This example will go over setting up a simple Scala project in which we will access a Mongo Database and perform read/write operations. In order to access MongoDB from spark we will need the MongoDB Connector for Spark.
Setup
We will use sbt
to install the required dependencies. The following build.sbt
will download them for us:
scalaVersion := "2.11.11"
libraryDependencies ++= Seq(
"org.apache.spark" %% "spark-core" % "2.2.0",
"org.apache.spark" %% "spark-sql" % "2.2.0",
"org.mongodb.spark" %% "mongo-spark-connector" % "2.2.0"
)
We create a SparkSession
and include our MongoDB configuration settings. If you would like to reduce the ammount of Spark logging output and have not edited the default Spark log4j.properties
you can do so from your program.
import org.apache.log4j.{Level, Logger}
import org.apache.spark.sql.SparkSession
object SparkMongo {
def main(args: Array[String]) {
// Spam reduction
Logger.getLogger("org").setLevel(Level.ERROR)
Logger.getLogger("akka").setLevel(Level.ERROR)
val sparkSession = SparkSession.builder().appName("SparkMongo")
.master("local[*]")
.config("spark.mongodb.input.uri", "mongodb://localhost:27017/db.collection")
.config("spark.mongodb.output.uri", "mongodb://localhost:27017/db.collection")
.getOrCreate()
}
}
Things to note:
- Remember to include a collection when specifying the input/output URI.

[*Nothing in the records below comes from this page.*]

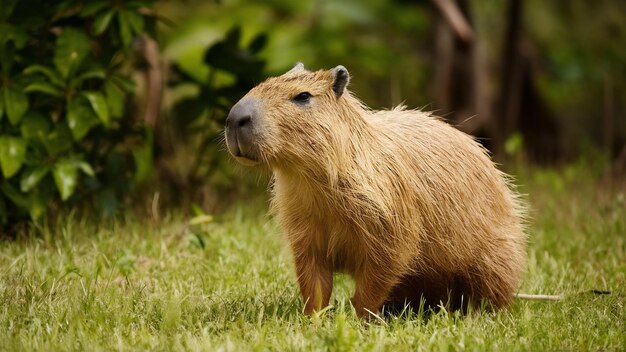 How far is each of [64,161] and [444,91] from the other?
4988 mm

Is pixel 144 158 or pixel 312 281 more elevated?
pixel 312 281

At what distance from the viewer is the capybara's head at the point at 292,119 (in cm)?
366

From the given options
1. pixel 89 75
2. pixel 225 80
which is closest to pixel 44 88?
pixel 89 75

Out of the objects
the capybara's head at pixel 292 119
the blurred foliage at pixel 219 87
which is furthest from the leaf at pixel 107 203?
the capybara's head at pixel 292 119

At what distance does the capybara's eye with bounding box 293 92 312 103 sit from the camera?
3.84 meters

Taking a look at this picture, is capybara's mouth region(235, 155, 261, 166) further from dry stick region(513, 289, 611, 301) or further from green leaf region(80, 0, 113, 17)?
green leaf region(80, 0, 113, 17)

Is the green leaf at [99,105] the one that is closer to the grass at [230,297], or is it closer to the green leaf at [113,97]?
the green leaf at [113,97]

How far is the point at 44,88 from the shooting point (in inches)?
201

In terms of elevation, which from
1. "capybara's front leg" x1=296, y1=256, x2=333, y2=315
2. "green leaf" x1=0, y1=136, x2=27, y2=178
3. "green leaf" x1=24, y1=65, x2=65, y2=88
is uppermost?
"green leaf" x1=24, y1=65, x2=65, y2=88

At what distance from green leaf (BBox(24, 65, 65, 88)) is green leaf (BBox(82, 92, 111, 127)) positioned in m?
0.17

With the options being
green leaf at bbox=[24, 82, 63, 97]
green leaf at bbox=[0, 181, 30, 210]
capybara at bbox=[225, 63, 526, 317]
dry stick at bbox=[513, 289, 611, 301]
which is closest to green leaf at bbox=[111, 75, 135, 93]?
green leaf at bbox=[24, 82, 63, 97]

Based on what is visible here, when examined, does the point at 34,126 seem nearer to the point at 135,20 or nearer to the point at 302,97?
the point at 135,20

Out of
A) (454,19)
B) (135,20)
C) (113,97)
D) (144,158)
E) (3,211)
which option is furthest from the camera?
(454,19)

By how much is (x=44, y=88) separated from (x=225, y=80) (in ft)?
8.95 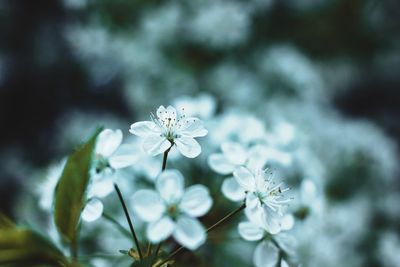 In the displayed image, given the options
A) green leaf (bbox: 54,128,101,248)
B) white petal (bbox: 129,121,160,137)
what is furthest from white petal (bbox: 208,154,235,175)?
green leaf (bbox: 54,128,101,248)

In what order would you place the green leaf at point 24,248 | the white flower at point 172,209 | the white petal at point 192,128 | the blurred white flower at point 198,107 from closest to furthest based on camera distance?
the green leaf at point 24,248, the white flower at point 172,209, the white petal at point 192,128, the blurred white flower at point 198,107

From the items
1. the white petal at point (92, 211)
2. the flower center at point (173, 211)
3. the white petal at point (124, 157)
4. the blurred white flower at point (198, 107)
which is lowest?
the flower center at point (173, 211)

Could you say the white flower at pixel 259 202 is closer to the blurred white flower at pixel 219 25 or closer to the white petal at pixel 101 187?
the white petal at pixel 101 187

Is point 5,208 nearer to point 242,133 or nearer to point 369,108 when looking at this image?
point 242,133

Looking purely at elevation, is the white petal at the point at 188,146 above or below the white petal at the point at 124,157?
below

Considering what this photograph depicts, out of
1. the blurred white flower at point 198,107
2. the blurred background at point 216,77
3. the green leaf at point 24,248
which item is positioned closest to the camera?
the green leaf at point 24,248

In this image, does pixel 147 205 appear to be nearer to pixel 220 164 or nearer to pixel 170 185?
pixel 170 185

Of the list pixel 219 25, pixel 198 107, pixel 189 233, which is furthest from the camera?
pixel 219 25

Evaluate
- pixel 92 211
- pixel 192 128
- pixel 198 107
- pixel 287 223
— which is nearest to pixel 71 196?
pixel 92 211

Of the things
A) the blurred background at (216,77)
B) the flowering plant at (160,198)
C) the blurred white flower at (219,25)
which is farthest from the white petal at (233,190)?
the blurred white flower at (219,25) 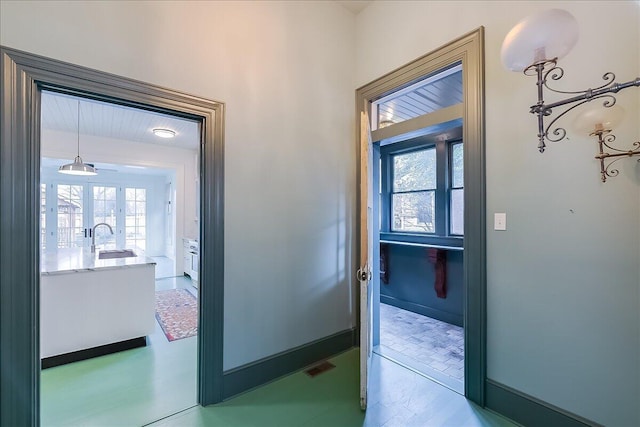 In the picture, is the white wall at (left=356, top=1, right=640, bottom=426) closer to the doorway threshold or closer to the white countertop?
the doorway threshold

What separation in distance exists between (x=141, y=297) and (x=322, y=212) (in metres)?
2.21

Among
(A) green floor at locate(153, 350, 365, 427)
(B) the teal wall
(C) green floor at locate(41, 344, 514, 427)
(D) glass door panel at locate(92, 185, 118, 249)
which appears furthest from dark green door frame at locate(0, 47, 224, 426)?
(D) glass door panel at locate(92, 185, 118, 249)

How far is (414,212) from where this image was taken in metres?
4.43

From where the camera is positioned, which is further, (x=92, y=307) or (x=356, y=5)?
(x=356, y=5)

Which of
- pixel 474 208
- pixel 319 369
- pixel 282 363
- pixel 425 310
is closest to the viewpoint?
pixel 474 208

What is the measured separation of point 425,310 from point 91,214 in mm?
8499

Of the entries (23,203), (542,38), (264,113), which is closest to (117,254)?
(23,203)

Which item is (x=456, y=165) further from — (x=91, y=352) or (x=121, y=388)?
(x=91, y=352)

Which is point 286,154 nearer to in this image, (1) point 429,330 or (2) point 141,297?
(2) point 141,297

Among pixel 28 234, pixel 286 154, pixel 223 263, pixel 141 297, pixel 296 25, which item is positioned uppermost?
pixel 296 25

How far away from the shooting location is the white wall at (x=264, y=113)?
1784 millimetres

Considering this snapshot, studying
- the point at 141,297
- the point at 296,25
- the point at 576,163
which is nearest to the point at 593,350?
the point at 576,163

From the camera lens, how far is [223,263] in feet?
7.23

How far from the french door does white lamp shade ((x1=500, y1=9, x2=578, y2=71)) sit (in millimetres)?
7994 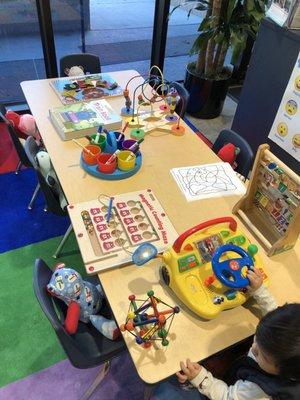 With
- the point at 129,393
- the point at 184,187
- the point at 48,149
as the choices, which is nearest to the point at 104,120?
the point at 48,149

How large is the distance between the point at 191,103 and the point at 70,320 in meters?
2.80

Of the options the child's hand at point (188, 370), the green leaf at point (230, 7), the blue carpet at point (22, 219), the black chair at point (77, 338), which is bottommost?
the blue carpet at point (22, 219)

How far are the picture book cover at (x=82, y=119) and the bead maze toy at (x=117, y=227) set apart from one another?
1.61ft

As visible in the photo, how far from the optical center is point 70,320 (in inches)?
41.7

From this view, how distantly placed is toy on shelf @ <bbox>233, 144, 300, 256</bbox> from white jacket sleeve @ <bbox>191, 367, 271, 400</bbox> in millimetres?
477

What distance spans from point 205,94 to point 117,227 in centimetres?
240

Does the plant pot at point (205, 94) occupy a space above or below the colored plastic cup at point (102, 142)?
below

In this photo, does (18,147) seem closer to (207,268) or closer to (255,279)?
(207,268)

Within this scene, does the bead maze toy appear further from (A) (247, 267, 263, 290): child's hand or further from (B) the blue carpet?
(B) the blue carpet

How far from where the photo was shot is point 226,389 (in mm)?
961

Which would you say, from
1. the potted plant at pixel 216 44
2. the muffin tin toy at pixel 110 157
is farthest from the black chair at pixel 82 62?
the muffin tin toy at pixel 110 157

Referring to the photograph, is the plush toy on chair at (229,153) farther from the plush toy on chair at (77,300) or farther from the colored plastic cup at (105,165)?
the plush toy on chair at (77,300)

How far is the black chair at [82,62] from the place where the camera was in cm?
240

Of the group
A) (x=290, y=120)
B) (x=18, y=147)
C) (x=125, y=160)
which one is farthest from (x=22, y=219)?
(x=290, y=120) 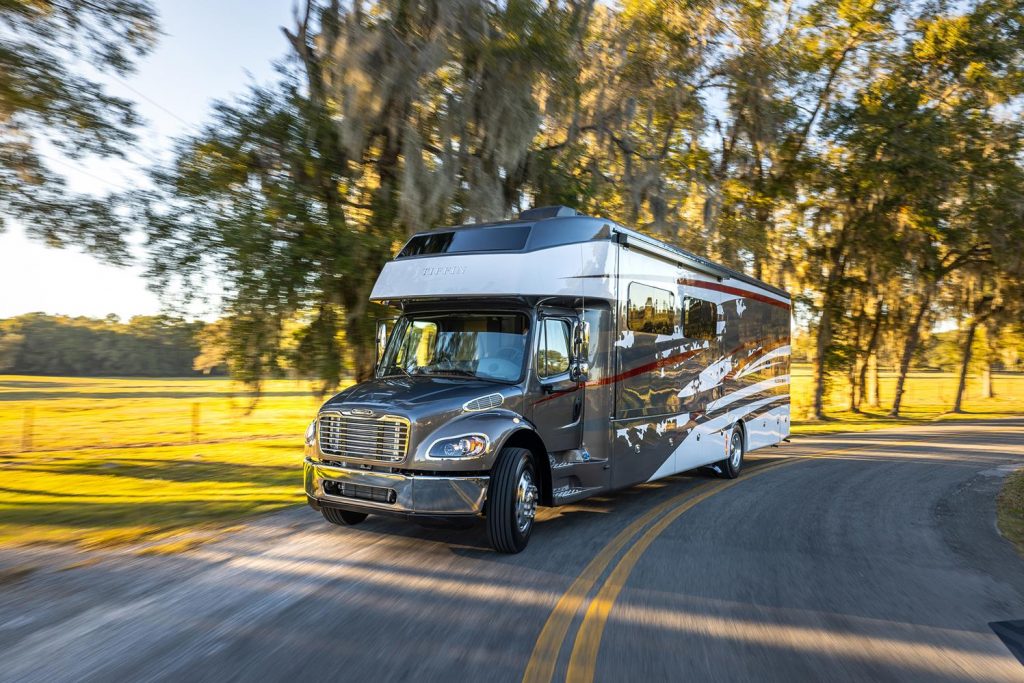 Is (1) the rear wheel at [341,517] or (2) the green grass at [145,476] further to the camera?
(2) the green grass at [145,476]

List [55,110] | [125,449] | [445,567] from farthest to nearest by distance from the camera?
[125,449]
[55,110]
[445,567]

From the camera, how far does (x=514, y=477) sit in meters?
6.66

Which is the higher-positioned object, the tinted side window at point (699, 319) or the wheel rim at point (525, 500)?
the tinted side window at point (699, 319)

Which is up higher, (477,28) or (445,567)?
(477,28)

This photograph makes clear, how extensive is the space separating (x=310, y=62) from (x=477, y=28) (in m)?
3.05

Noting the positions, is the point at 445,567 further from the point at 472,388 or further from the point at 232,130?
the point at 232,130

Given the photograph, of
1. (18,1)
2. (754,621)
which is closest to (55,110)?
(18,1)

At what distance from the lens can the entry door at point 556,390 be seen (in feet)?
24.2

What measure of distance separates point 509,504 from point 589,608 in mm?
1590

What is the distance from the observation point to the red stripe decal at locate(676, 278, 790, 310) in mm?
10716

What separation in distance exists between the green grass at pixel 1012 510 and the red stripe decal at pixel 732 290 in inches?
191

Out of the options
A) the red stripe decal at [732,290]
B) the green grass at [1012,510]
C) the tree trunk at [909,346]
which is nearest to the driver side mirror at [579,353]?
the red stripe decal at [732,290]

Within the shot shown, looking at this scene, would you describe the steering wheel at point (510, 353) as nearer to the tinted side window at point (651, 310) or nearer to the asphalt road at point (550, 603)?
the asphalt road at point (550, 603)

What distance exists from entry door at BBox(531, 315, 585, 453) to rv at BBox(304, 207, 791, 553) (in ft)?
0.06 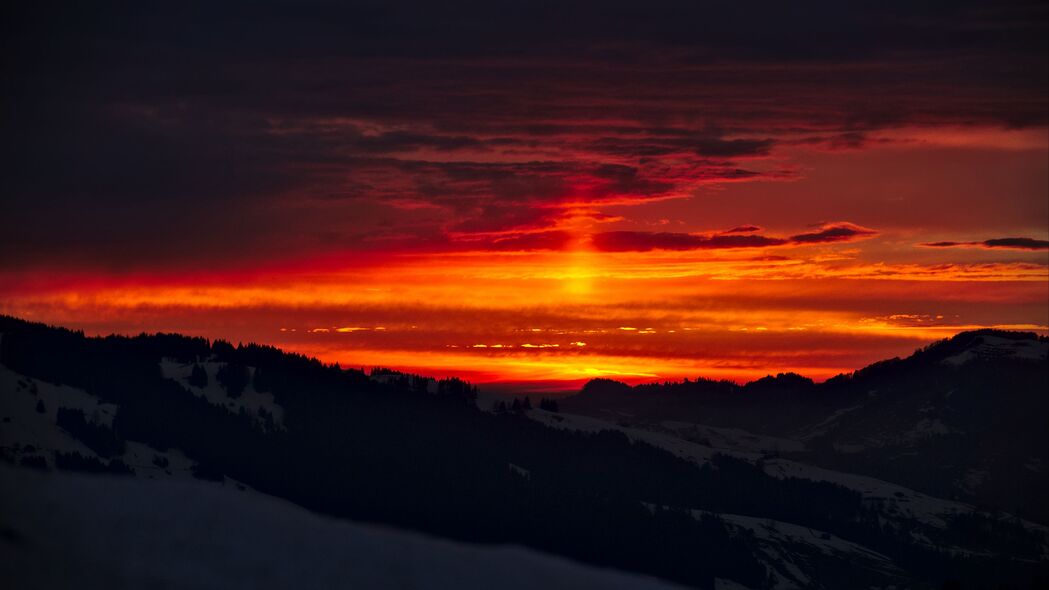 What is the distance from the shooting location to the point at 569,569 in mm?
19312

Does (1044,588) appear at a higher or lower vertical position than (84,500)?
lower

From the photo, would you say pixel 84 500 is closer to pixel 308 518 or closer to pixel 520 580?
pixel 308 518

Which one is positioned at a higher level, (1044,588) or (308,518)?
(308,518)

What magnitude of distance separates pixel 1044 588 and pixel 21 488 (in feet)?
530

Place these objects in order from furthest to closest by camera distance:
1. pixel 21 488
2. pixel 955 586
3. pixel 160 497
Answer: pixel 955 586
pixel 160 497
pixel 21 488

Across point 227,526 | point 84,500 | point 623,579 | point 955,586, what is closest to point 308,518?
point 227,526

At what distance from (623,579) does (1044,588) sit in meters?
156

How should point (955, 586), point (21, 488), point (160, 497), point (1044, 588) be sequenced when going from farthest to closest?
point (1044, 588) → point (955, 586) → point (160, 497) → point (21, 488)

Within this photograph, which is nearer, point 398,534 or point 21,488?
point 21,488

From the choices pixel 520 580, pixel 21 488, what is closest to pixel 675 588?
pixel 520 580

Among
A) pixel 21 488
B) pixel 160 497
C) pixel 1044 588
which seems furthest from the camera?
pixel 1044 588

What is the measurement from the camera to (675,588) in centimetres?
1953

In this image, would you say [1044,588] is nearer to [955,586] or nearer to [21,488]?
[955,586]

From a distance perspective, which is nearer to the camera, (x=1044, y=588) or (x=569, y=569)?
(x=569, y=569) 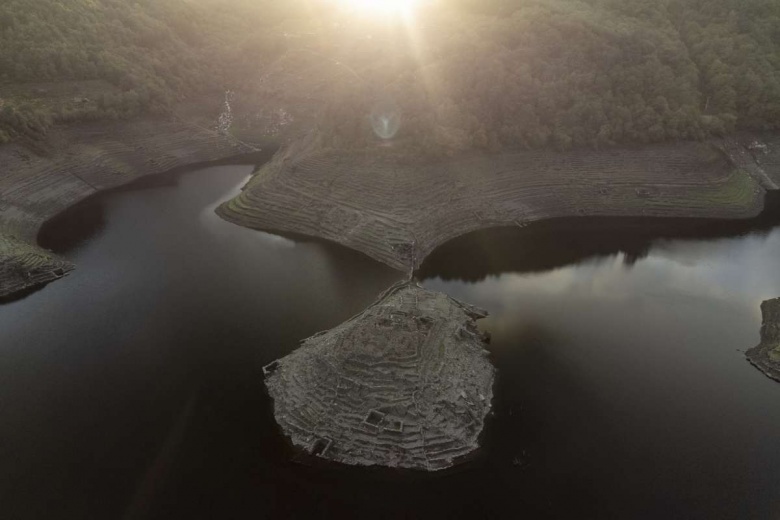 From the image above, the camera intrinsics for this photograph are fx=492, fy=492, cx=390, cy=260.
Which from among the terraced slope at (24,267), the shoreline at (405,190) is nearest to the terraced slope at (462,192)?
the shoreline at (405,190)

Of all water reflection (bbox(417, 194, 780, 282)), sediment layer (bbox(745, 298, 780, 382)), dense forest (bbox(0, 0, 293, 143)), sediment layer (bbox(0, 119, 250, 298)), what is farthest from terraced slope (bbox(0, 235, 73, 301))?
sediment layer (bbox(745, 298, 780, 382))

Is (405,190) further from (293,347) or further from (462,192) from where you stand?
(293,347)

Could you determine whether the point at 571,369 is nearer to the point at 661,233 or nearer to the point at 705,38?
the point at 661,233

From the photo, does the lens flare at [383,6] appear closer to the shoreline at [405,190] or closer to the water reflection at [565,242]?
the shoreline at [405,190]

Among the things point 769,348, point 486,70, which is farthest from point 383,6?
point 769,348

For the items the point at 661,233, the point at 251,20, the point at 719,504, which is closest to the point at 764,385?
the point at 719,504
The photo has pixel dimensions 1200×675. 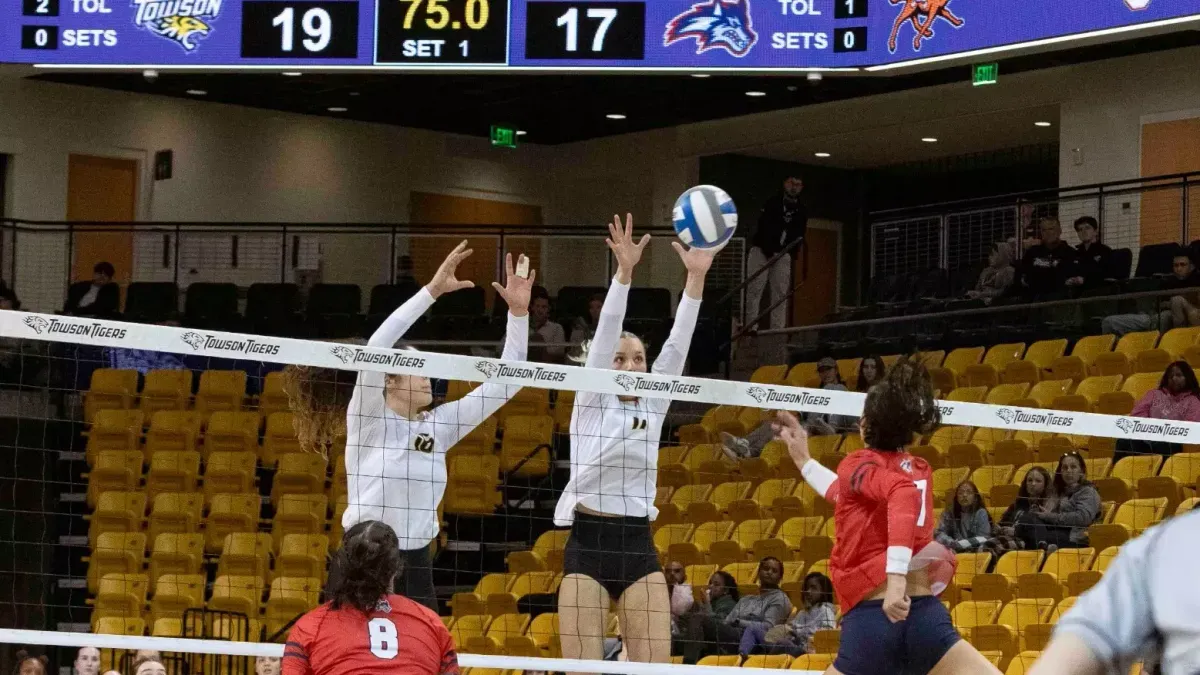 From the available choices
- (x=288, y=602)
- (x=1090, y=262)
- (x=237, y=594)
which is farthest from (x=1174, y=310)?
(x=237, y=594)

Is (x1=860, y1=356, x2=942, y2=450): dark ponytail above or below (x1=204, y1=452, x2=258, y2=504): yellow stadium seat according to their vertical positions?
above

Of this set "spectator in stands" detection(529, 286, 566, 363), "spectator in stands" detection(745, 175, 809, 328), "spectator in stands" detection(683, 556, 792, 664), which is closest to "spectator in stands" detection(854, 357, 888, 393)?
"spectator in stands" detection(683, 556, 792, 664)

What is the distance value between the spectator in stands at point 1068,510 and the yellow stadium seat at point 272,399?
8.04 m

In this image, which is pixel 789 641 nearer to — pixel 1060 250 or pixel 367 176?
pixel 1060 250

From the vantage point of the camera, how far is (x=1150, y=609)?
1.86 metres

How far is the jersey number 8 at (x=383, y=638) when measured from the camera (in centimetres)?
551

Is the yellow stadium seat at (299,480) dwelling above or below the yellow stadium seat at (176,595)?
above

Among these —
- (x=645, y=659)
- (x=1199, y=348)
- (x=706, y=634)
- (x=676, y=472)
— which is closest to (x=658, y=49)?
(x=676, y=472)

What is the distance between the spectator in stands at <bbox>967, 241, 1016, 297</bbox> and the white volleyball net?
5.90 feet

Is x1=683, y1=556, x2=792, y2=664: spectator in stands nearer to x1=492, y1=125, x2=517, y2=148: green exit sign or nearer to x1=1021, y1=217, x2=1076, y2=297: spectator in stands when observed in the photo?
x1=1021, y1=217, x2=1076, y2=297: spectator in stands

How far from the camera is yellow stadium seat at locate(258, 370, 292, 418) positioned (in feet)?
56.4

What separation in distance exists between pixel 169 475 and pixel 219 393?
163 centimetres

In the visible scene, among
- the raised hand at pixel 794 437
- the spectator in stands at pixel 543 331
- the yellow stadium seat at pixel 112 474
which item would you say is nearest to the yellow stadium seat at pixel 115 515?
the yellow stadium seat at pixel 112 474

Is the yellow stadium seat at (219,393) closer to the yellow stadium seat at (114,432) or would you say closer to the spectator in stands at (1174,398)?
the yellow stadium seat at (114,432) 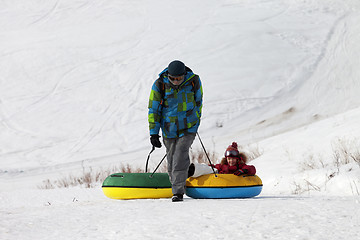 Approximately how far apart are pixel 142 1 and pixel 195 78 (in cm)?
2492

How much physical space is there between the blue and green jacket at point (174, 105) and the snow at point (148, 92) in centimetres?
132

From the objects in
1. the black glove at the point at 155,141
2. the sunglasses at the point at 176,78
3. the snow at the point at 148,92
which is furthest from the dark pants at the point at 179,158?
the snow at the point at 148,92

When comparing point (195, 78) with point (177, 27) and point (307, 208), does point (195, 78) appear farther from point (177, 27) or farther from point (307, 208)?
point (177, 27)

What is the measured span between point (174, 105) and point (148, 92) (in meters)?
14.4

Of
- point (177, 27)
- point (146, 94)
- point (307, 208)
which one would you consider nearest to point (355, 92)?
point (146, 94)

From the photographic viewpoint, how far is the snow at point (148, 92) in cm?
386

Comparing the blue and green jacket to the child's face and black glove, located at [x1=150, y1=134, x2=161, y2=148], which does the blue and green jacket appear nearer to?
black glove, located at [x1=150, y1=134, x2=161, y2=148]

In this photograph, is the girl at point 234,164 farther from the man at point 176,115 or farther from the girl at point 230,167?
the man at point 176,115

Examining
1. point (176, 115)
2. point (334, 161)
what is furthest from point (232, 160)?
point (334, 161)

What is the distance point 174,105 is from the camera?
17.7 feet

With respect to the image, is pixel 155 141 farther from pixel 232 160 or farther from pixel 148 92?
pixel 148 92

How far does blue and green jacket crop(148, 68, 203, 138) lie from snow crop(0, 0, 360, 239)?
1.32m

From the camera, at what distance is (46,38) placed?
26312mm

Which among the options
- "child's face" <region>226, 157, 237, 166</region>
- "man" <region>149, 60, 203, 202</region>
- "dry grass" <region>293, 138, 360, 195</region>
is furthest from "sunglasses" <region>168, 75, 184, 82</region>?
"dry grass" <region>293, 138, 360, 195</region> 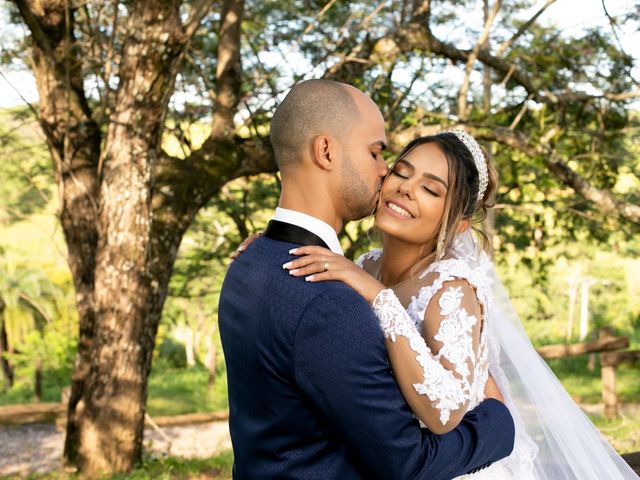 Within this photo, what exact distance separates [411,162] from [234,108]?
565 centimetres

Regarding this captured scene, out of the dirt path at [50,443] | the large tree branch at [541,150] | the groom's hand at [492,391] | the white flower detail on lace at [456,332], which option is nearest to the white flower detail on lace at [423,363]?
the white flower detail on lace at [456,332]

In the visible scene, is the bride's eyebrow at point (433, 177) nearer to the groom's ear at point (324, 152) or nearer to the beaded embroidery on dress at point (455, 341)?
the beaded embroidery on dress at point (455, 341)

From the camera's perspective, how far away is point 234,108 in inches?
326

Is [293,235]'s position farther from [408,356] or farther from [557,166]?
[557,166]

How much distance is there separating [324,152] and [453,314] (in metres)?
0.71

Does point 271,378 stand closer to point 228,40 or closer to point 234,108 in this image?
point 234,108

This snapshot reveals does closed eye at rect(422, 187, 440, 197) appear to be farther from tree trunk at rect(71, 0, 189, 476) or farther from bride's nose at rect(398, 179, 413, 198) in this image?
tree trunk at rect(71, 0, 189, 476)

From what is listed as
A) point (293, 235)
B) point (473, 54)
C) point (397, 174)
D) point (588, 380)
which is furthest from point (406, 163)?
point (588, 380)

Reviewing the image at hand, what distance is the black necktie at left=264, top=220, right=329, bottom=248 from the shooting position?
7.18 ft

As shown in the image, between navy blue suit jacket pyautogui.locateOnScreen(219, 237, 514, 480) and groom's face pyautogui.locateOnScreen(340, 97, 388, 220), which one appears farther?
groom's face pyautogui.locateOnScreen(340, 97, 388, 220)

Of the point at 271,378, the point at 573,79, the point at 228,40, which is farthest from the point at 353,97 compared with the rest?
the point at 573,79

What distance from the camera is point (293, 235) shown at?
86.7 inches

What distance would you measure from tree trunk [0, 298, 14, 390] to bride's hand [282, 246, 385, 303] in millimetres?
21993

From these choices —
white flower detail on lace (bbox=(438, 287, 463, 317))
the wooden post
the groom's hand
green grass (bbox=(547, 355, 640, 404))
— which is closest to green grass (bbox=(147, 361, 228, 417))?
green grass (bbox=(547, 355, 640, 404)) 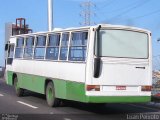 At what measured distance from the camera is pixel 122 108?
1723cm

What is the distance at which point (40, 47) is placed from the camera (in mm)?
18312

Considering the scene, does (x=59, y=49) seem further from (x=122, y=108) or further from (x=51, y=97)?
(x=122, y=108)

- Protect your URI if it contains sensitive information. I prefer specifying an environment variable and reading that into the program–
sys.env("MONGO_URI")
Additional input/output configuration settings can be found in the documentation.
Read
We use the MongoSpark.load()
method to in this create a DataFrame
on which Spark can operate.
val data = MongoSpark.load(sparkSession)
println(data.count())
Read from Multiple Collections
In the example above, we were able to read only from the collection specified with the spark.mongodb.input.uri
setting. If we want to read from multple MongoDB collections, we need to pass a ReadConfig
to the MongoSpark.load()
method. More input configuration settings can be found in the documentation
val ordersReadConfig = ReadConfig(Map("collection" -> "orders"),
Some(ReadConfig(sparkSession)))
val ordersData = MongoSpark.load(sparkSession, ordersReadConfig)
println(ordersData.count())
Here we are specify thet the collection we read from is orders
.
Write
Writing works exactly like reading, except of course with different methods.
spark.mongodb.output.uri
specifies the default write collection.- Use
MongoSpark.save(documents)
method to save documents. - Pass a
WriteConfig
to theMongoSpark.save(documents, writeConfig)
method to save in a different collection.
Refer to the official documentation for more details.
Spark on!